Pocas cosas hay en este mundo más ambiguas que el progreso. Y no le faltaba razón a Ariel al definirlo como el fenómeno de que «mil cosas avancen y sólo retrocedan novecientas noventa y nueve». Y es que el progreso es como una de esas escopetas en las que el culatazo es casi tan fuerte como el disparo. Hoy medimos muy bien qué fuertes han sido los «culatazos» de nuestra civilización: la industrialización fue un avance evidente, pero nos ha traído la destrucción de los bosques, la contaminación del aire y de los ríos, la puesta, incluso, en peligro de la capa de ozono que protege el planeta; el descubrimiento del automóvil nos dio mayor movilidad, pero hizo también imposibles de vivir nuestras ciudades; la división del átomo consiguió avances espectaculares en la ciencia, pero nos trajo el riesgo atómico y nuclear; la misma televisión nos metió el mundo en casa, pero multiplicó la intoxicación política de los ciudadanos e hizo descender las virtualidades de la lectura. Con lo que todo paso adelante es ambivalente, ambiguo.

Pero lo dramático es cuando se avanza en todo menos en lo esencial. Porque —vuelvo a la frase de Luther King— ¿qué ganaríamos con aprender a volar como pájaros y a nadar como peces, si no supiéramos convivir, si no aprendiéramos a querernos?

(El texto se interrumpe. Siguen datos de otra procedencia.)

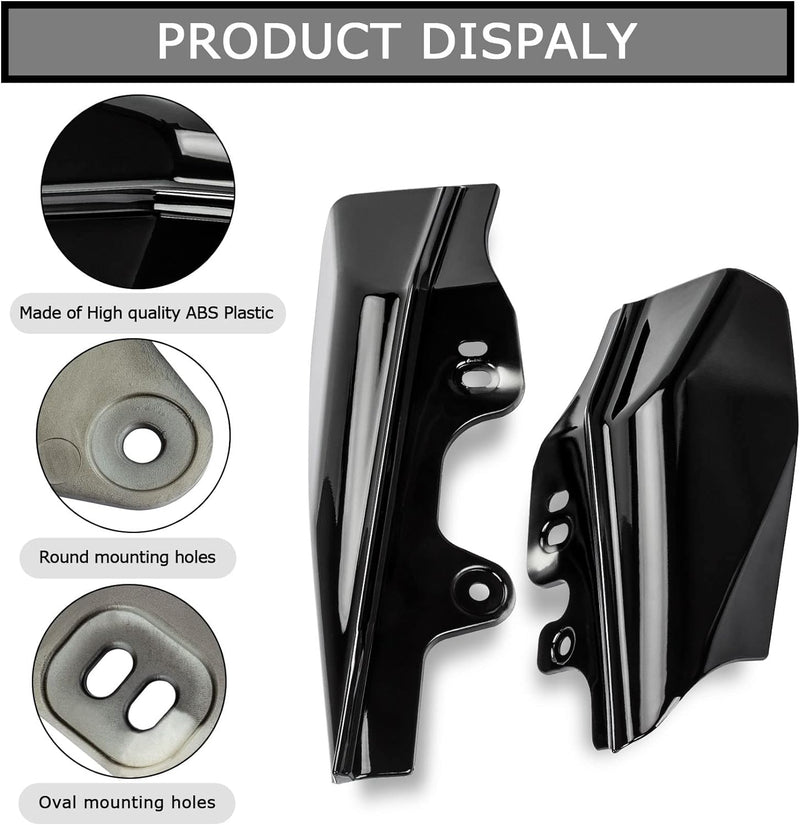 PSLER® Motorrad Luft Wärmeabweiser, Hitzebeständige Platte für Touring Street Electra Glide Road Kin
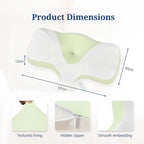 Without Pain Cervical Neck Pillow for Sleeping, Ergonomic Contour Side Sleeper Pillows for Adults, Cooling Orthopedic Pillow for Neck Relief Support, Memory Foam Pillows Back Stomach Sleepers [Green]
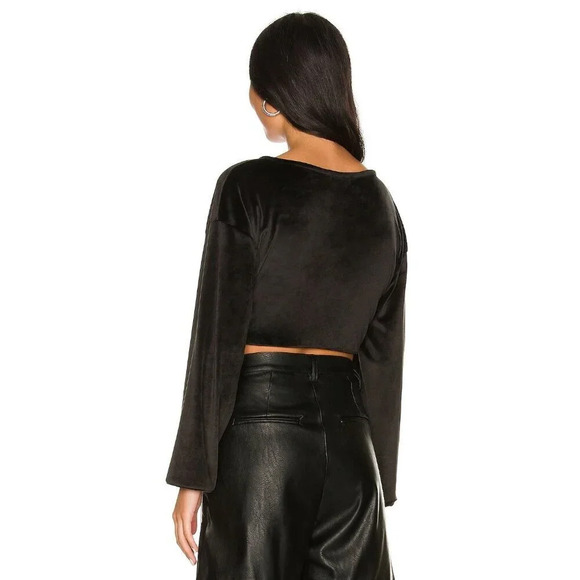 Lovers + Friends Isabel Sweater in Black XXSmall New Nwt Women's Top - Picture 2 of 9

Me parece que deberíamos ser honestos y confesar sinceramente que el mundo del siglo XX no parece mucho más fraterno que el XIII o el XVI. Hemos ganado, sí, en un cierto estilo de «respeto» público; hay unas ciertas apariencias de convivencia; se tolera algo menos mal al discrepante; hoy no se lleva tan fácilmente a nadie a la hoguera por sus ideas y el mundo se rasga sus vestiduras cuando alguien lo intenta; pero no parece que se pueda asegurar que han descendido los niveles de egoísmo o que haya crecido la fraternidad. Los pobres siguen en su pobreza sin que la mayoría nos preocupemos, y hoy sabemos muy bien cuántos son los millones que se mueren a diario de hambre sin que el saberlo mejor estropee nuestras digestiones.

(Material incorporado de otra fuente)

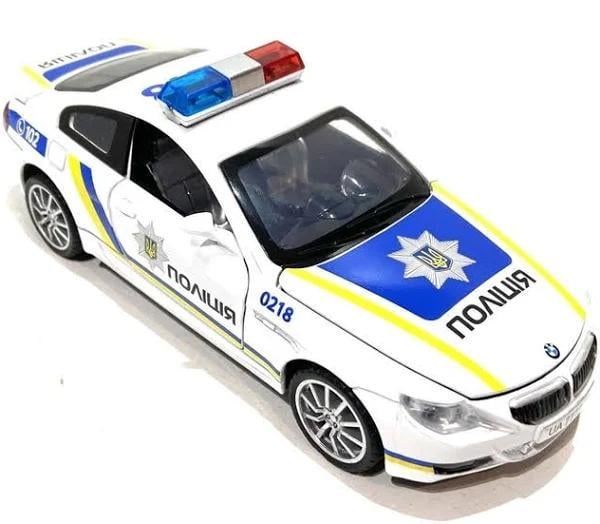 Игрушка детская TK Union Group Полицейская машинка инерционная металлическая 19х8х9 см (ТК 7777)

Y, a fin de cuentas, ése es el único progreso que cuenta o debería contar.

Nosotros mismos, cada uno de nosotros, ¿puede asegurar que hoy es mejor persona que hace diez años, que está más abierto al prójimo, que ama y más y barre menos para su casa? Huxey tenía toda la razón del mundo al asegurar que «sólo hay un rincón del universo donde uno puede estar seguro de progresar, y ese rincón es uno mismo». Y ¿quién de nosotros podrá jurar que ese rincón suyo ha progresado, que ha crecido tanto en su alma como en su dinero, que mejoró tanto su corazón como la calidad de su casa o de su coche; que hoy se siente más hermano entre hermanos? Si esto no es así, seguiremos contando con almas de la edad de piedra; continuaremos siendo una raza de cangrejos que —como decía Eliot— «avanzan orgullosos hacia atrás».